Hacklog: Blogamundo — poking holes in the language barrier since approximately 1 month from now

b
l
o
g
a
m
u
n
d
o

Python for Linguistics 1: How to Count Letters with Python

Written by Patrick Hall, 2 years, 3 months ago.
Tags: .

Okay, here goes.

Some observations before you check it out:

  • It’s really hard to write a tutorial for newbies. You have to dig out all your own assumptions and figure out which ones matter.
  • This is the first time I’ve written such a thing, I hope it’s comprehensible.
  • I’ve decided to keep these things outside of the blog so that I can pretend they were perfect in the first place improve them over time.

Please feel free to post comments here! Tell me where you got confused, whether you found it boring, fun, useful, useless, totally misleading, in need of a bipartisan commission to pass judgement on my sanity, whatever.

Also, I guess it’s not fair to say that it’s appropriate for total newbs: I didn’t explain what variables are, and I didn’t get down to the “click the icon to open the Python prompt” sort of directions. There’s a lot of that out there on the web already, but it depends on your OS, etc etc.

Anyway, enough prolegomenizing:

Python for Linguistics 1: How to Count Letters with Python

By the way, we Blogamundistas tend to hang out in #blogamundo on chat.freenode.net, if you do that IRC thing.

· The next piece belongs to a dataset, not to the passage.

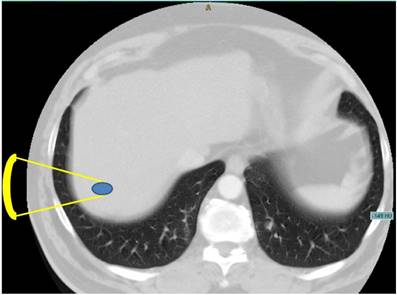 Int J Med Sci Image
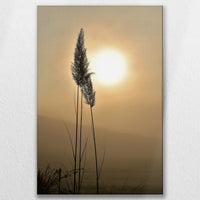 LW-080W120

If you’re trying to get through this tutorial and get stuff, someone (probably me!) will be happy to try to help you.

5 Comments for 'Python for Linguistics 1: How to Count Letters with Python'

  1. Comment received 2 years, 1 month ago from Tom

    I tried to run this python script on a dump file that is 1.3 gigs, which I realize is pretty huge. My question is, when I run the script I get a memory error. Is there a way around this that you know of?

    [******@*******]$ python forumcount.py
    Traceback (most recent call last):
    File “forumcount.py”, line 4, in ?
    forumletters = list(forumtext_lower)
    MemoryError

  2. Comment received 2 years, 1 month ago from Patrick Hall

    Yeah, that’s not terribly surprising with a file that large, though I’ve not tried it myself. (I have some several-gig Wikipedia dumps I should try it on, just to watch my CPU smoke.)

    The code in that little tutorial is designed to be as simple to read as possible, and to show that even a brain-numblingly simple approach can be used on a fairly significant corpus, such as Moby Dick.

    But from a practical point of view, it doesn’t really make much sense to load such a huge file into RAM. That’s what happens here:


    mobytext = open('moby10b.txt', 'U').read() # Python just read the whole book.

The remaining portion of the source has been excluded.